(Collected data)
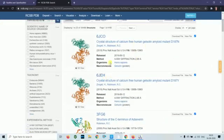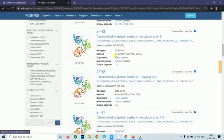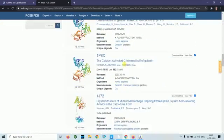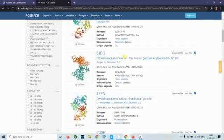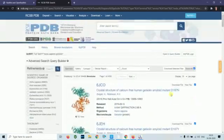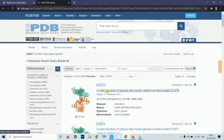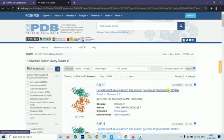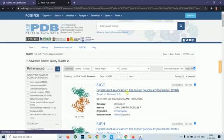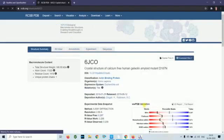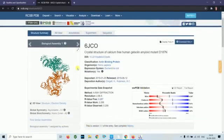There are so many structures available. We will take the top one: calcium structure of calcium-free human gelsolin amyloid mutant D187. We will click on this. It will open all the details regarding this entry.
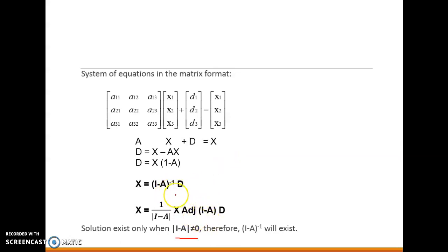In the next video we will be discussing questions on the determination of output. If you have any queries, please reach out to me on my WhatsApp number or on the channel. Thank you so much for watching this video. Please like the video and share it with your friends. Thank you.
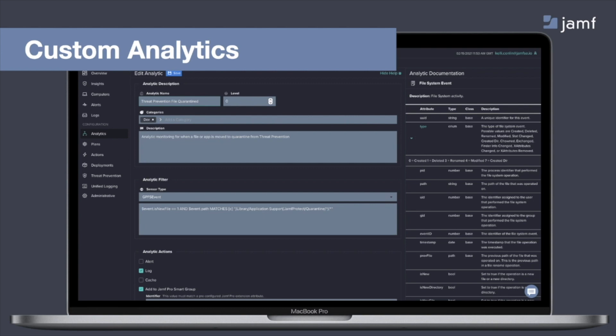So what's going to happen is when Jamf Protect's threat prevention quarantines that app, when that event occurs, it's a file system event. So within Jamf Protect, we can monitor for file system events and give even more information to make it a very specific activity within our predicate syntax. So what will happen, that file will get quarantined, that will then trigger the Jamf Protect agent and allow us to set up response with Jamf Pro.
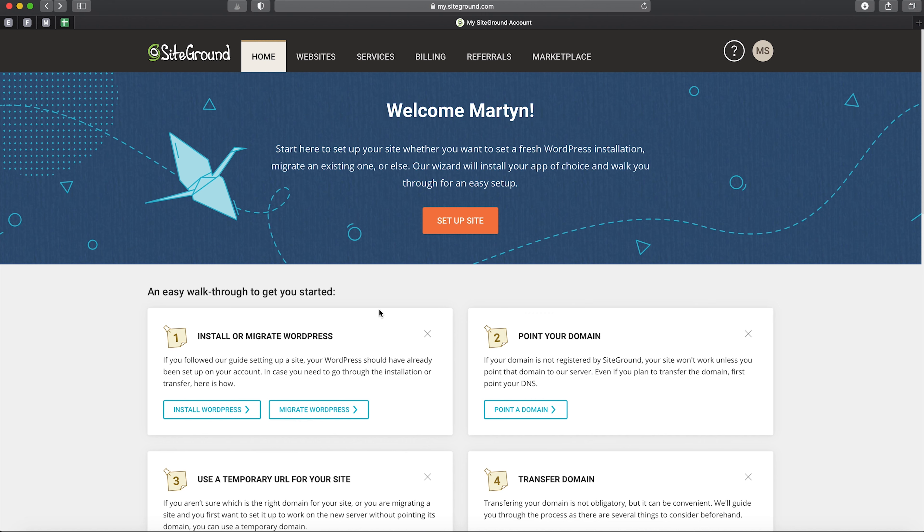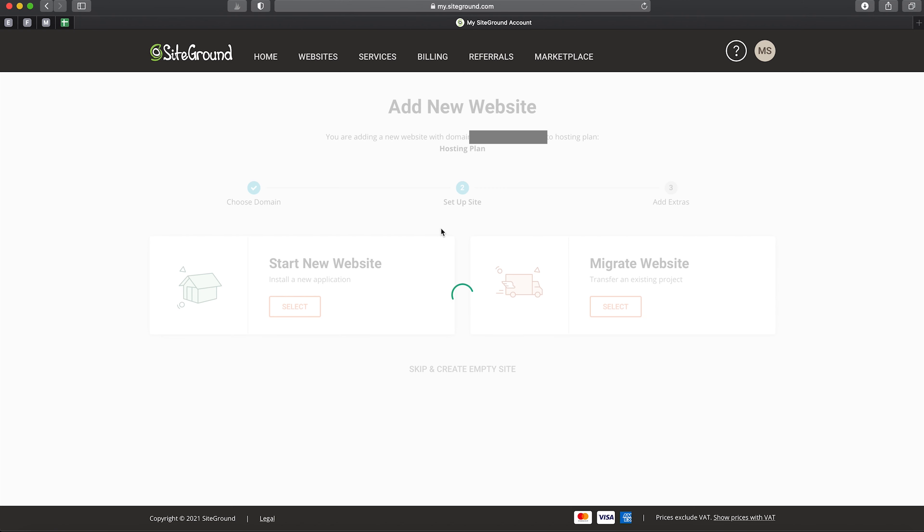Here we have the customer area, and the first thing we want to do is create a website. We do this simply by clicking 'Set Up Site'. We then have two options: starting a new website or migrating a website.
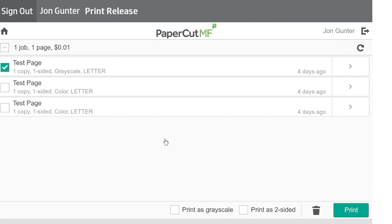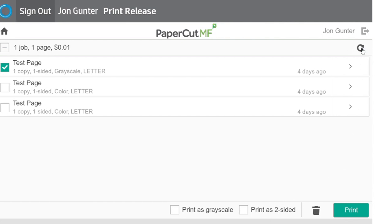You can also select jobs that you wish to delete, then tap the trash can icon to delete them. If a recently sent job is not showing up, you can try refreshing the screen by tapping this button. This concludes the PaperCut Print Release training video.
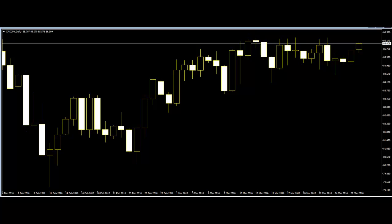Welcome to this Candlestick Trading video on Trend Lines and Trend Channels with Candlestick.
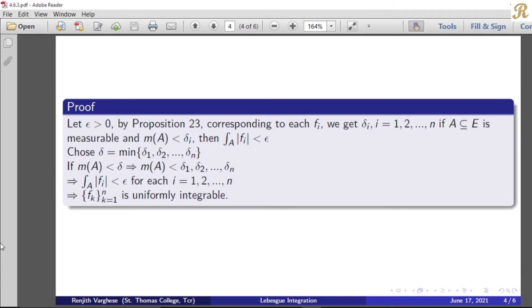Now, having obtained delta 1, delta 2, and so on, we choose our delta equal to the minimum of delta 1, delta 2, ..., delta n. If the measure of A is less than delta, this implies the measure of A is less than delta 1, delta 2, and so on up to delta n, because delta is the minimum of all these deltas.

Aim of the exercise: With the pictures removed, print the entries above exactly.

Your solution:
There are so many structures available. We will take the top one: calcium structure of calcium-free human gelsolin amyloid mutant D187. We will click on this. It will open all the details regarding this entry.
In the next video we will be discussing questions on the determination of output. If you have any queries, please reach out to me on my WhatsApp number or on the channel. Thank you so much for watching this video. Please like the video and share it with your friends. Thank you.
So what's going to happen is when Jamf Protect's threat prevention quarantines that app, when that event occurs, it's a file system event. So within Jamf Protect, we can monitor for file system events and give even more information to make it a very specific activity within our predicate syntax. So what will happen, that file will get quarantined, that will then trigger the Jamf Protect agent and allow us to set up response with Jamf Pro.
Here we have the customer area, and the first thing we want to do is create a website. We do this simply by clicking 'Set Up Site'. We then have two options: starting a new website or migrating a website.
You can also select jobs that you wish to delete, then tap the trash can icon to delete them. If a recently sent job is not showing up, you can try refreshing the screen by tapping this button. This concludes the PaperCut Print Release training video.
Welcome to this Candlestick Trading video on Trend Lines and Trend Channels with Candlestick.
Now, having obtained delta 1, delta 2, and so on, we choose our delta equal to the minimum of delta 1, delta 2, ..., delta n. If the measure of A is less than delta, this implies the measure of A is less than delta 1, delta 2, and so on up to delta n, because delta is the minimum of all these deltas.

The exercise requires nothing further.